“I think,” I said, feeling something turn over in my chest. “I think that’s perfect.”
His big, warm hand, veined and lined with callouses, gave mine a squeeze.
And I realized what had turned over in my chest.
My heart.
Because grief had shifted the prism of the lens I used to view Nova Booth through and turned it into something more than love for a brother or a friend.
It had amplified him, multiplied him like a kaleidoscope into so much more.
And that was it, the moment when I found the words for what that man was to me and what he would always mean to me.
I loved him.
Unintentionally, but irrevocably.
And when the tattoo was finished, raw and red, white petals tinged pink at the base and sides, Dane’s named scrawled in cursive beneath as a last-minute addition he’d added in my careful, somewhat shaky handwriting, I knew it for sure.
I was meant to be with him.
Despite the age difference, despite our foster family relationship, despite Dane being gone and all the other things stacked so high against us.
He was it for me.
So, when we went out back to work together on a huge depiction of a lotus blossom with Dane’s name beneath on the exterior wall of the shop, I added my own small design tucked away in the folds of the flower.
JB + LM surrounded in a barbed wire heart.
Barbed because it would protect us. Because I would protect us, our friendship, until it could bloom like the lotus into something so much more.
Until I was grown and beautiful like the women that lingered around Nova like bees to honey, and he would notice how much he loved me too.
It was the first lie I ever inked and the last one I would ever do myself.
Nova, it turned out, would do the rest.
LILA
By the time I was a teenager, I was an expert on unrequited love, but it wasn’t until I hit my mid-twenties that I truly understood how deeply the roots wrapped symbiotically around my heart could hurt me.
It would have been easy to turn brittle, for the pieces calcified by a lifetime of loving a man who would never love me back to crumble with age and crack off so I became less and less of the person I’d once been. That didn’t happen because I guarded my tenderness fiercely, like a knight set to defend the crown. I didn’t want to lose what made me me just because someone had chosen not love those things.

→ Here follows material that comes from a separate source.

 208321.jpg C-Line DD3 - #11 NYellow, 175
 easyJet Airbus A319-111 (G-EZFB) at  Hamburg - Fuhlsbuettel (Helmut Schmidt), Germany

He was one man, one person amid a sea of others who had no qualms about showing me just how much they cared. They were mostly rough and gruff bikers, but the love they gave me was all the more miraculous and headier because of the atypical nature of their gifting it to me. I was not blood, and I was not an Old Lady. Normally, there was no place for a woman in a motorcycle club unless she was one of those two things. I was neither, and yet I had it all. Their love and respect, their championship if I needed it, and their support even when I didn’t. I had brothers and fathers and uncles in leather cuts even though I’d never really done anything to deserve it.
The first person to give me that was Nova. He didn’t have to, and I knew it took effort for him to weave me like that through them, so seamless no one thought to question why the young girl with no ties to the club was always hanging around. He did it because after he’d given me his own blood family, he’d found another more fitting one for himself, and he did as he had promised his best friend and my brother he would do when Dane first enlisted. He made me family in a way that would never quit.
So Nova gave me my families, even if he didn’t give me his romantic love in return. How could a girl really be bitter about that? He loved me, that gorgeous Casanova, in a way more precious than he’d loved anyone else, ever. I knew that, and even though it was a sheer, flimsy consolation, I wrapped it tightly around myself like a bandage whenever I felt that brittleness crack through my heart.
It was enough.
Or, I convinced myself it was enough for a very, very long time.
I knew the only remedy for unrequited love was to cut off the infected limb, amputate Nova from my life in a very real way for long enough to get over him.
But how long would that take?
I’d loved him since I was five years old, and now I was twenty-one. Would it take me all of the eighteen years I’d loved him for me to unlove him?
And what would my life consist of without him?